Since his diagnosis, my husband and I have been championing Roman. As parents, our duty is to never give up on our child, no matter how difficult the road. Believe me, I thank my lucky stars every single day that my background just happens to be in psychology and education, however, it has been a learning curve for our friends and family. For us, the news has been emotional. It is hard to grieve when you have three small children to care for. And yet, the show must go on.


Over the last few weeks, I have been reflecting on what the word "space" means to Roman. As someone who is so intense, and usually very much in other people's personal space, it is hard to understand why he needs it sometimes or even how to give it to him.
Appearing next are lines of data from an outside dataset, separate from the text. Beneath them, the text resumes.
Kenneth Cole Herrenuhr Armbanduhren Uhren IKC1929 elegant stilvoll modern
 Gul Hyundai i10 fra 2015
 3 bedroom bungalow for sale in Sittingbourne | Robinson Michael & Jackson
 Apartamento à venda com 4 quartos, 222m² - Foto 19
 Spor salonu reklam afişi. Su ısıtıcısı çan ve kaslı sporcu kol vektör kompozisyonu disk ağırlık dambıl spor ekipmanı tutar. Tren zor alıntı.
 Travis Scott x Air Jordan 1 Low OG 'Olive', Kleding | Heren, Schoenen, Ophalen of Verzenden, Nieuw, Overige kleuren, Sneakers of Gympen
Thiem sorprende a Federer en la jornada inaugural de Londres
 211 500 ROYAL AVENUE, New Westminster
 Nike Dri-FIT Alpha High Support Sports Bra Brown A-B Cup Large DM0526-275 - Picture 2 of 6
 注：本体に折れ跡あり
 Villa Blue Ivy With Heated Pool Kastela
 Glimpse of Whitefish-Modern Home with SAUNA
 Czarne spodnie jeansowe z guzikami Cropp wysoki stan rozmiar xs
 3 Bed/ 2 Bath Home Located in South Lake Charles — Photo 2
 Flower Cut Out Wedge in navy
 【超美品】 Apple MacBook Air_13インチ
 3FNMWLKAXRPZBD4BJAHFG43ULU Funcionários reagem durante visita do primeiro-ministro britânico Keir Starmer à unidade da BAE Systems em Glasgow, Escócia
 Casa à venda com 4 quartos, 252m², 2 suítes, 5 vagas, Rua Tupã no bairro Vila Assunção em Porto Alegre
But now that my head has been filled with worry, with stress and with obligations, and with emotions that I am struggling to define, I am starting to understand, at least a little. Sometimes we need space from the noise and chaos of our lives, from the lights and from the sounds, from the chatter and even from our own swirling thoughts. Sometimes we just need space. Nothingness. A chance to reboot. So, as our family learns to live with this new label, I ask you for space. For time. For understanding as our family processes our present reality and makes new plans for the future. We need this in order to come up with the best plan of action to support our son and the rest of our family.


Roman, Aurora and Elliana, we love you so much.